There are plenty of successful photographers. If you can support yourself through photography, great. but it's not an easy venture to establish a lucrative business. Making a living and being financially stable can be two different things. You can be an outstanding photographer, but if you are not business savvy, it's not going to work. I recommend getting a job with benefits. 
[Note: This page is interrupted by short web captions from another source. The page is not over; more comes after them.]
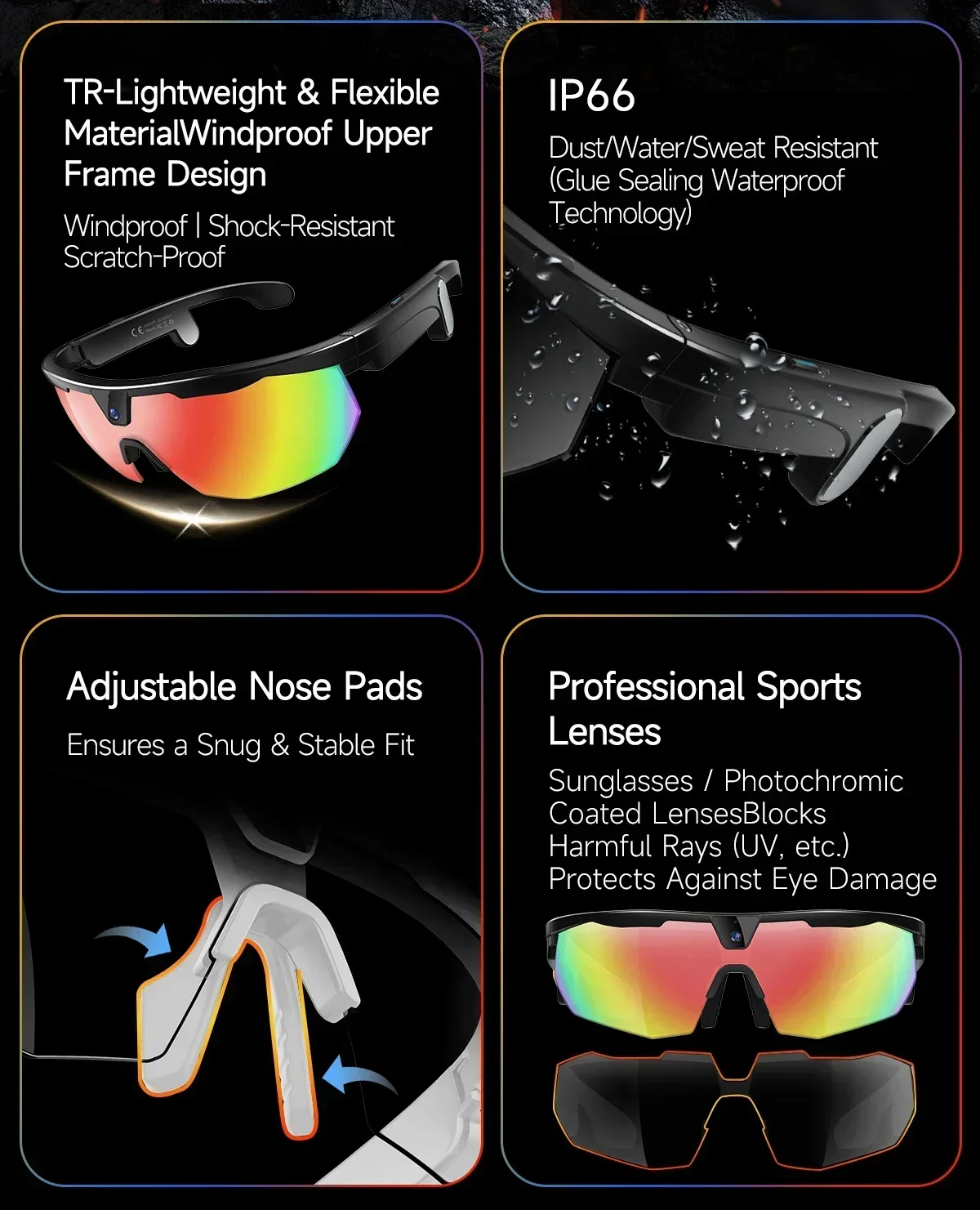 Outdoor Sports Sunglasses 2026 New Smart Cycling Glasses BT Call AI Translation AI Conversation 32MP HD Photo 8MP HD Camera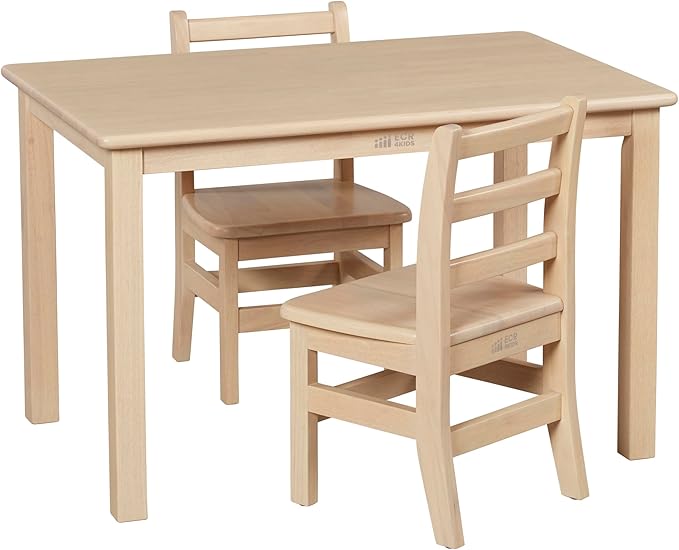 ECR4Kids 24in x 36in Rectangular Hardwood Table and Chair Set, 12in Seat Height by ECR4Kids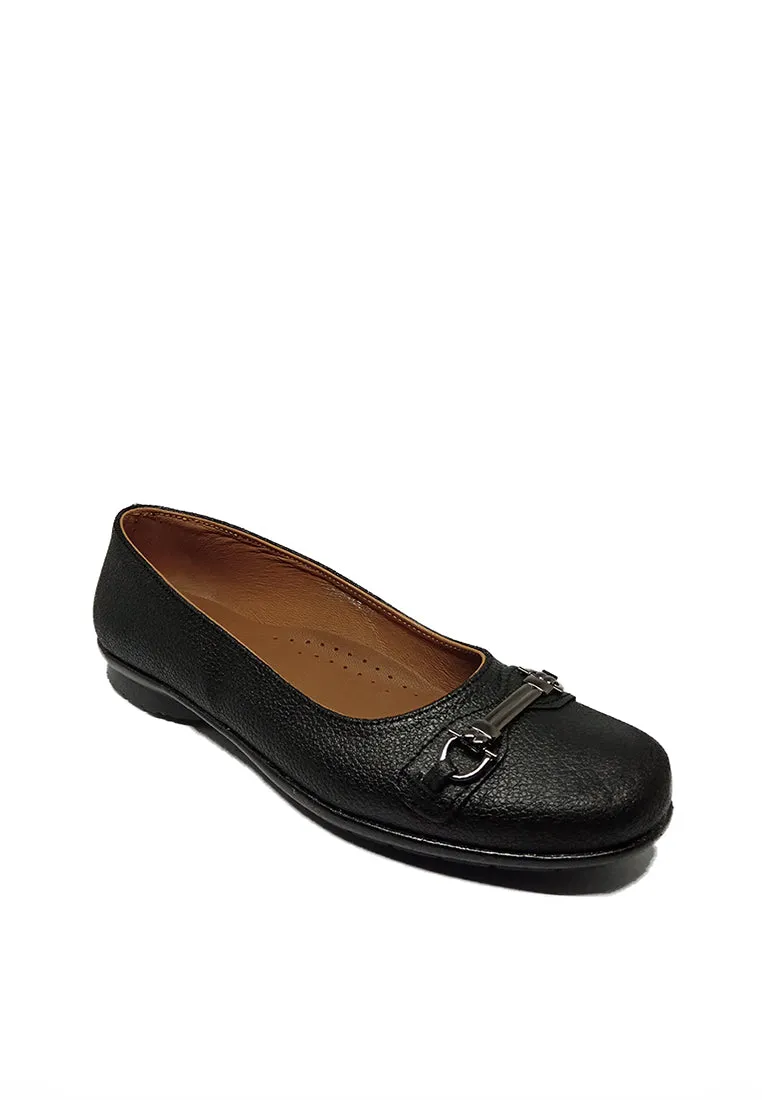 HORSEBIT SLIP ON BLACK SHOES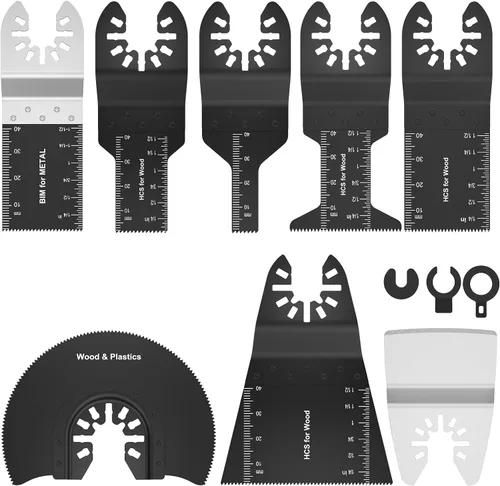 Juego de 8 Hojas de Sierra Oscilante Bimetálicas de Acero Inoxidable Kit de Hojas Multiherramienta de Liberación Rápida Hojas Oscilantes de Corte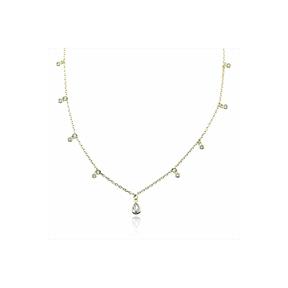 Gargantilla Mujer Plata Baño Oro, Chatones y Lágrima Circonitas GR-2004/CH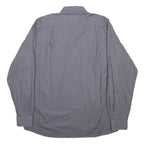 ROCCOBAROCCO Mens Grey Cotton Blend Shirt L Button-Down Collar Long Sleeve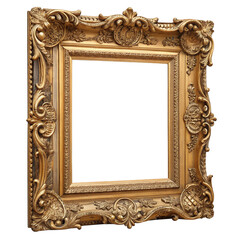 Ornate antique gold picture frame with intricate carvings isolated on transparent background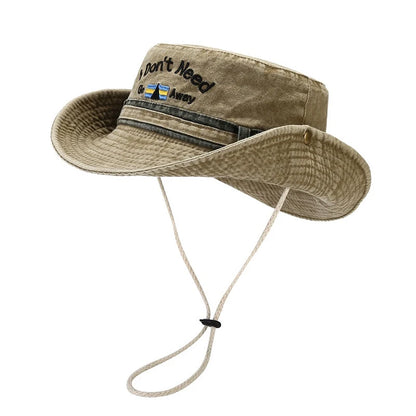 Unisex Washed Denim Bucket Hats Women Fisherman's Hat Letter Embroidery Bob Caps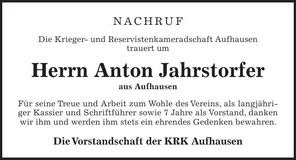 Traueranzeige Anton Jahrstorfer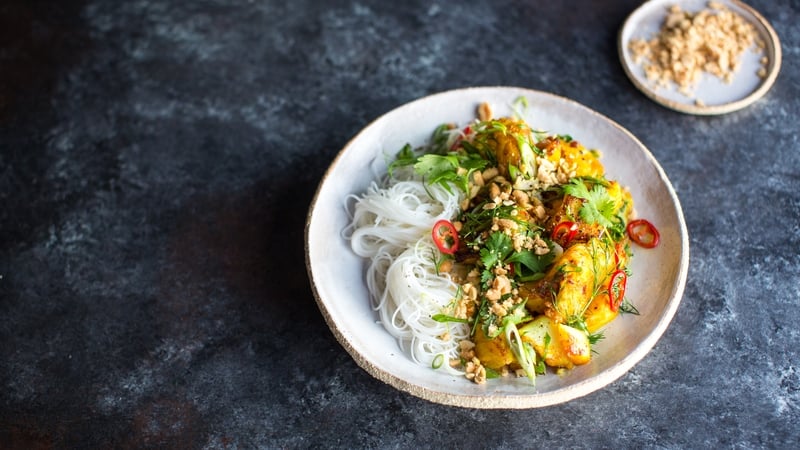 Vietnamese Turmeric & Dill Fish With Rice Noodles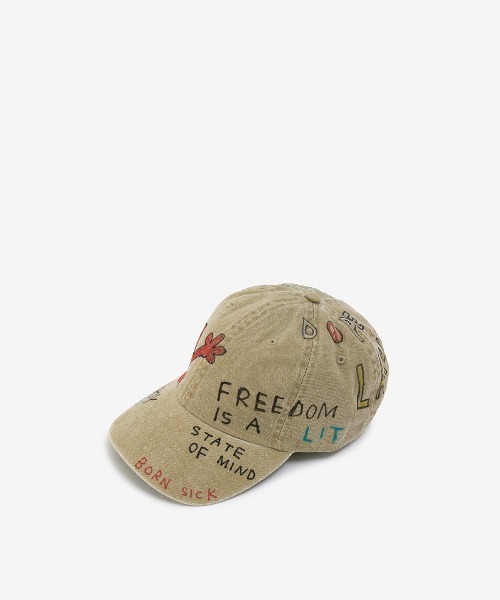 ROYAL FLASH(ロイヤルフラッシュ)の「guernika/ゲルニカ/HAND PAINTED CAP(キャップ・メンズ・インディゴブルー/ベージュ/スミクロ/ホワイト/カーキ/ブラック/イエロー・FREE)」の1枚目の写真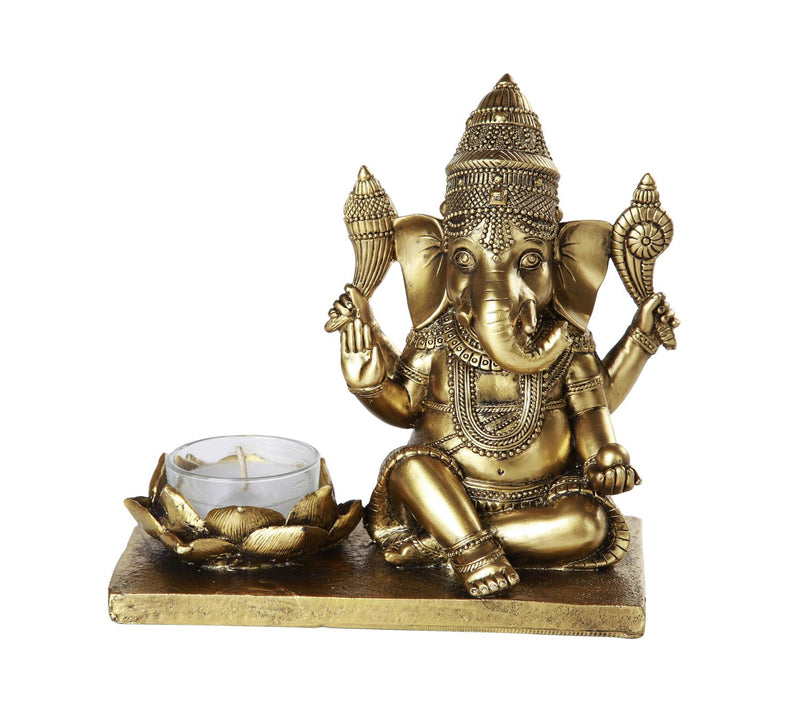 Gold Ganesha Candle Holder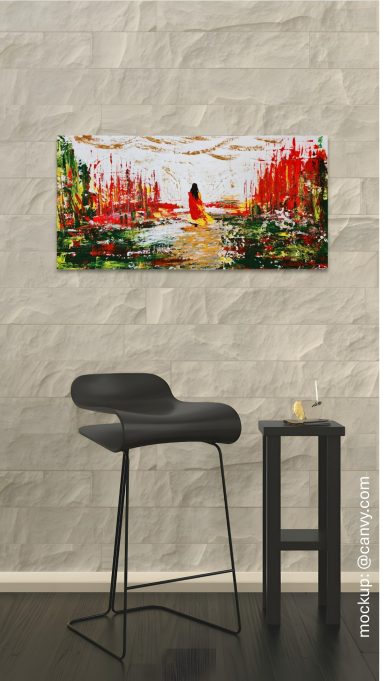 Pilgrim stilvolles Wohnzimmer mit einem abstrakten Acrylgemälde an der Wand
This is just $.02 from the peanut gallery. Take it for what it's worth.


----------



## Ream (Jan 18, 2015)

Ream said:


> I have been at a similar crossroad, with a few differences.. I am a stay@home Mom.. I started small portrait jobs with a cheap point & shoot GE. I then took $1,000.00, bought a CanonRebelT3i, backdrops, lighting, & a remote! Read.Read.Read... Learn.Learn.Learn.. And I say this because, if you start working without learning, you will find yourself stuck, taking quick, cheap pictures, for little - no money, and you will not be flattered @ your own work.. A little depressing.. But once friends & family know you take photos, you will be taking everyone's photo for free.. Shoot more, read more, learn more, so you can charge more.. Learn your own rate and then absolutely charge people your rate + printing.... I have spent so much money out of pocket for under bidding jobs.. Don't get discouraged. You can do it!


Also... It takes time.. It's not anything like cooking, or reading a recipe..  I promise! It is always rewarding though! Just set your limits. Don't cut yourself short.. Bid high.. What type of equipment do you have now? What area of photography are you most interested in?


----------



## Ream (Jan 18, 2015)

EIngerson said:


> There are plenty of successful photographers. If you can support yourself through photography, great. but it's not an easy venture to establish a lucrative business. Making a living and being financially stable can be two different things. You can be an outstanding photographer, but if you are not business savvy, it's not going to work. I recommend getting a job with benefits.
> 
> This is just $.02 from the peanut gallery. Take it for what it's worth.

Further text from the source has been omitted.